In the records below, repeat word for word only the lines starting at the one that contains "this 1092×1092 image." and ending at the one that contains "this 980×551 image.", pictures excluded.

(Exercise materials)
───
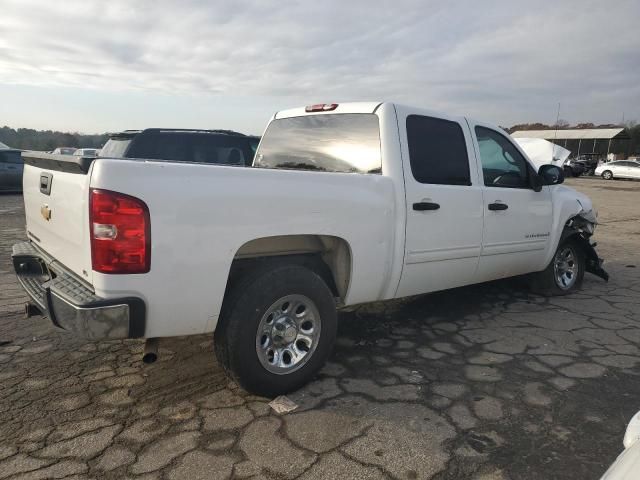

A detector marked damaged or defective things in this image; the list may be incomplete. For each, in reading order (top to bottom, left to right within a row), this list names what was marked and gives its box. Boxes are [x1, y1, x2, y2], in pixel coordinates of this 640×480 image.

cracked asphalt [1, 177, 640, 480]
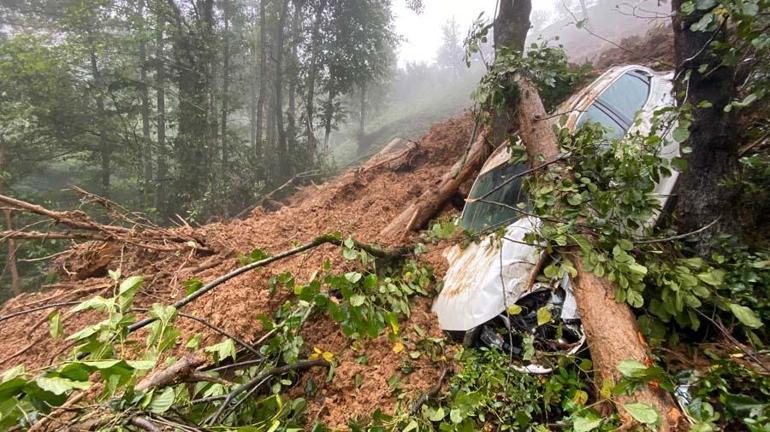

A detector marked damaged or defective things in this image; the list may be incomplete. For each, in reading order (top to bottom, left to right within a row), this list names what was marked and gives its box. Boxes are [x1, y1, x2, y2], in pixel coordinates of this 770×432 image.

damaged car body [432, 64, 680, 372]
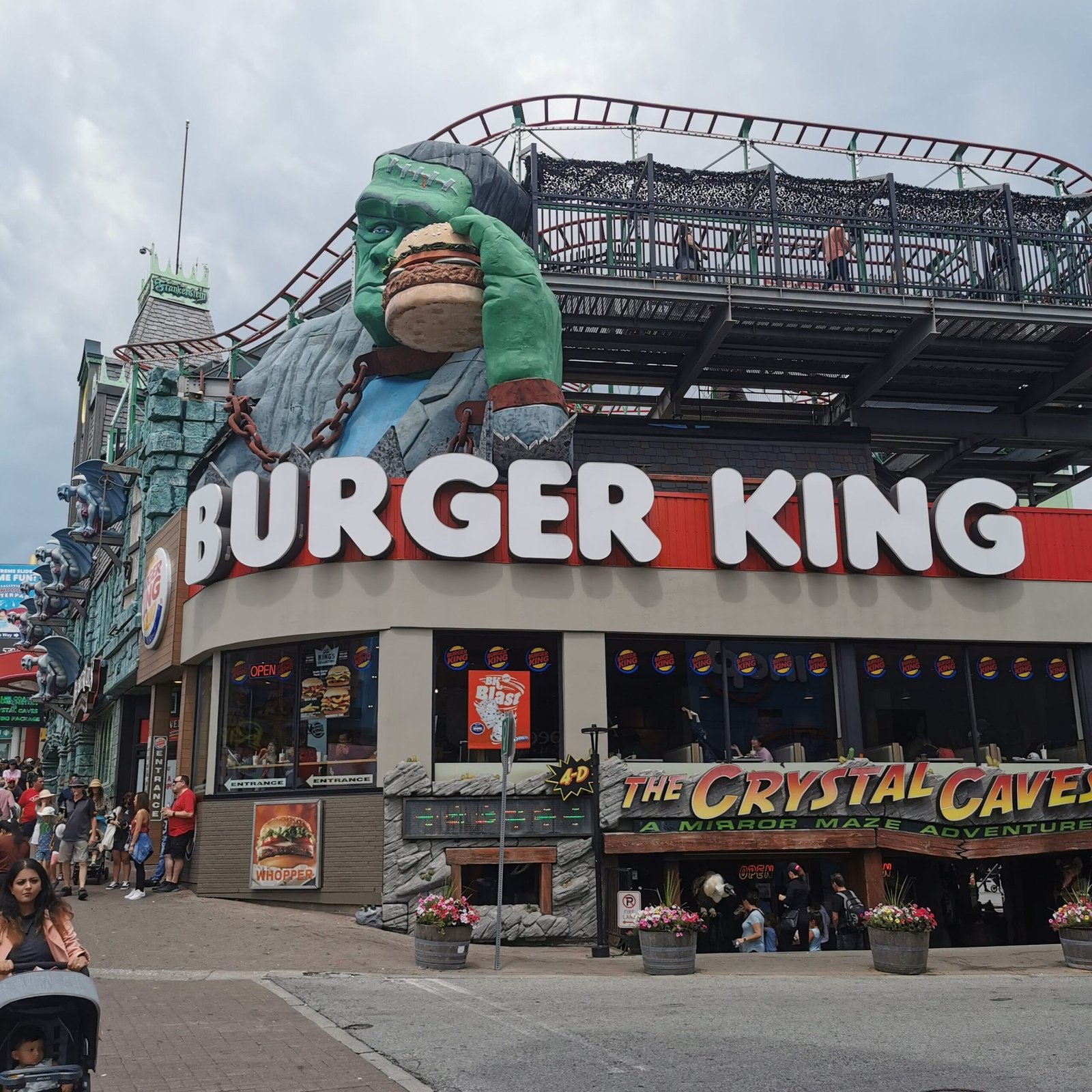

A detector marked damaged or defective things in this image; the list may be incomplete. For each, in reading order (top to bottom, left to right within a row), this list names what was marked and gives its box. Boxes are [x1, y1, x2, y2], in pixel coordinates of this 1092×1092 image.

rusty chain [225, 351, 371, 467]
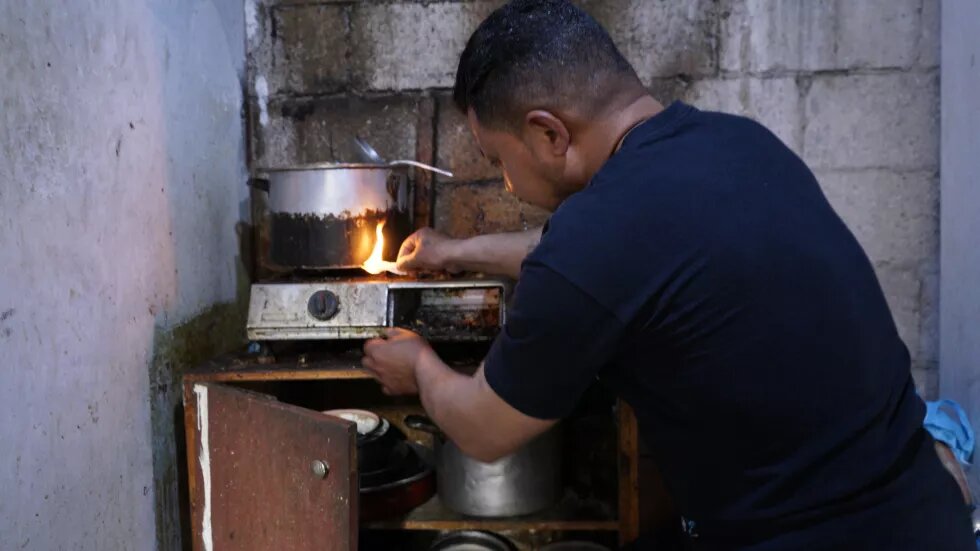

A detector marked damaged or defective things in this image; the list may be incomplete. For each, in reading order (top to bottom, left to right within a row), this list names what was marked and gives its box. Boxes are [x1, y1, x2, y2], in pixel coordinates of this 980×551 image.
───
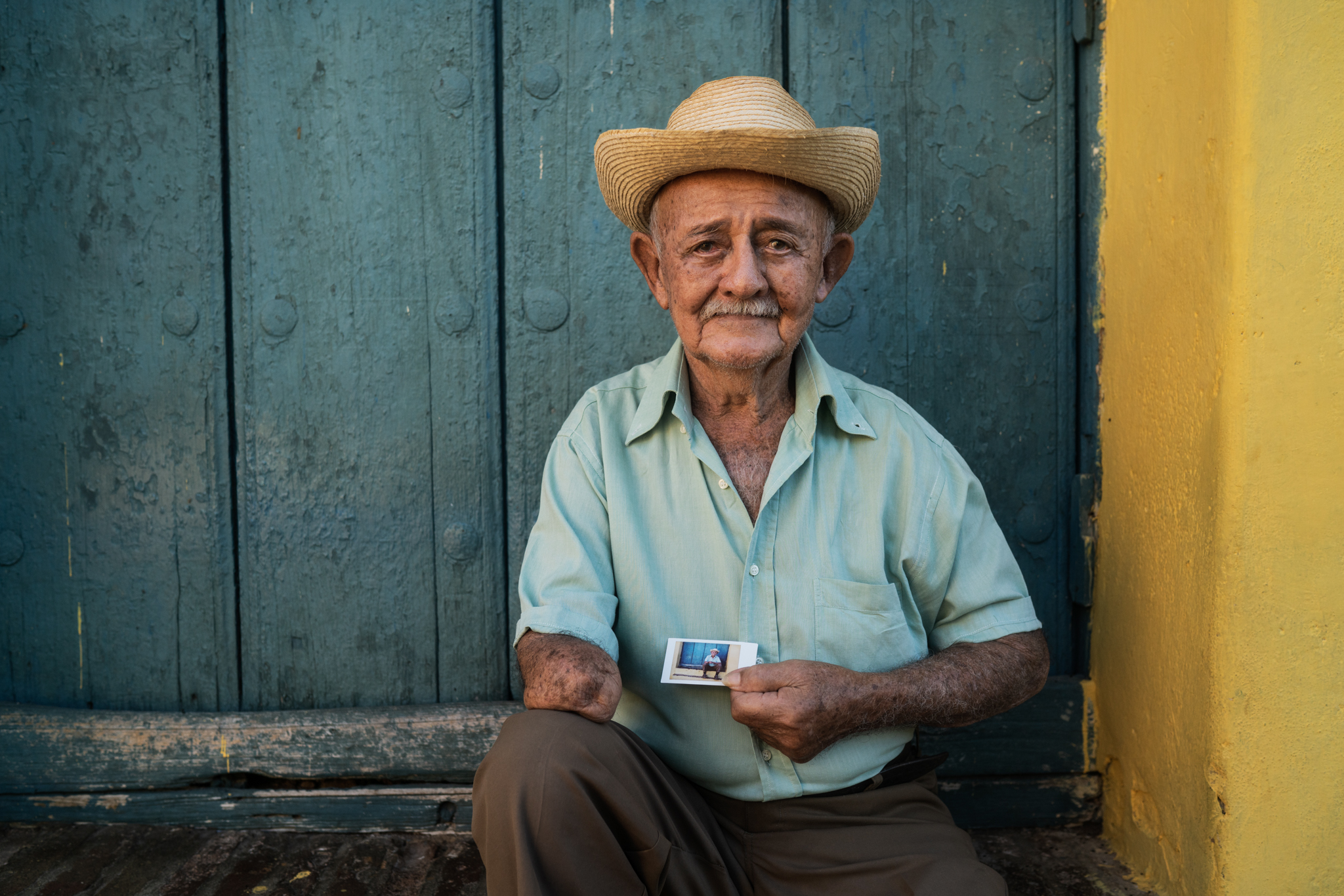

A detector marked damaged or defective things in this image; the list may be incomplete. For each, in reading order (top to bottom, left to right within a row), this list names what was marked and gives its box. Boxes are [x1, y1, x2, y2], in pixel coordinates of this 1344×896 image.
───
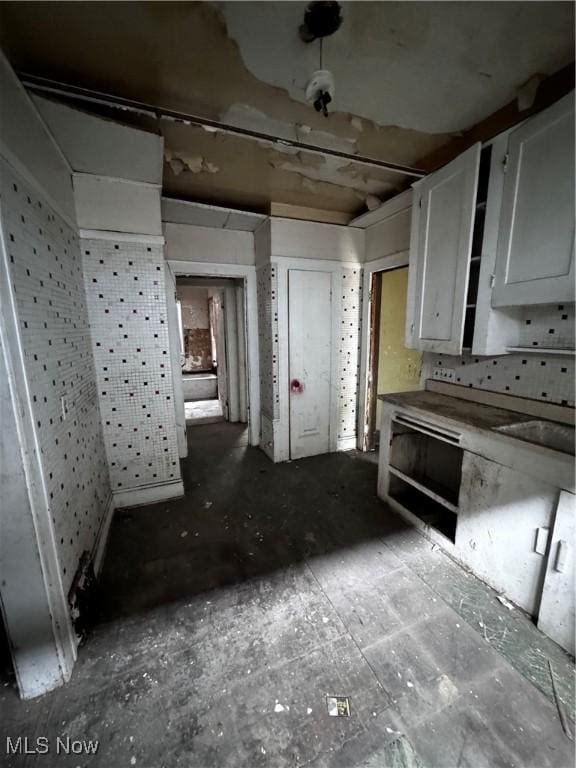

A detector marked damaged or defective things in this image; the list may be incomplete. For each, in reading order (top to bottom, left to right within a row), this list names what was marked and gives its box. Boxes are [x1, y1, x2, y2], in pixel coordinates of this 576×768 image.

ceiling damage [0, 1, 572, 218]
───
(Response)
A detector marked damaged or defective things in this image; the list may be incomplete. For each, in reading order (top to bottom, left to right within a row), this list names what was marked and gives its box. Boxes are [x1, y1, x2, y2], in pixel coordinates of this 1092×1092 image.

rusty chain [225, 351, 371, 467]

A detector marked damaged or defective things in this image; the list may be incomplete. For each, in reading order (top to bottom, left to right within a row), this list names what was marked and gives its box. Boxes are [x1, y1, x2, y2], in pixel coordinates of this 980×551 image.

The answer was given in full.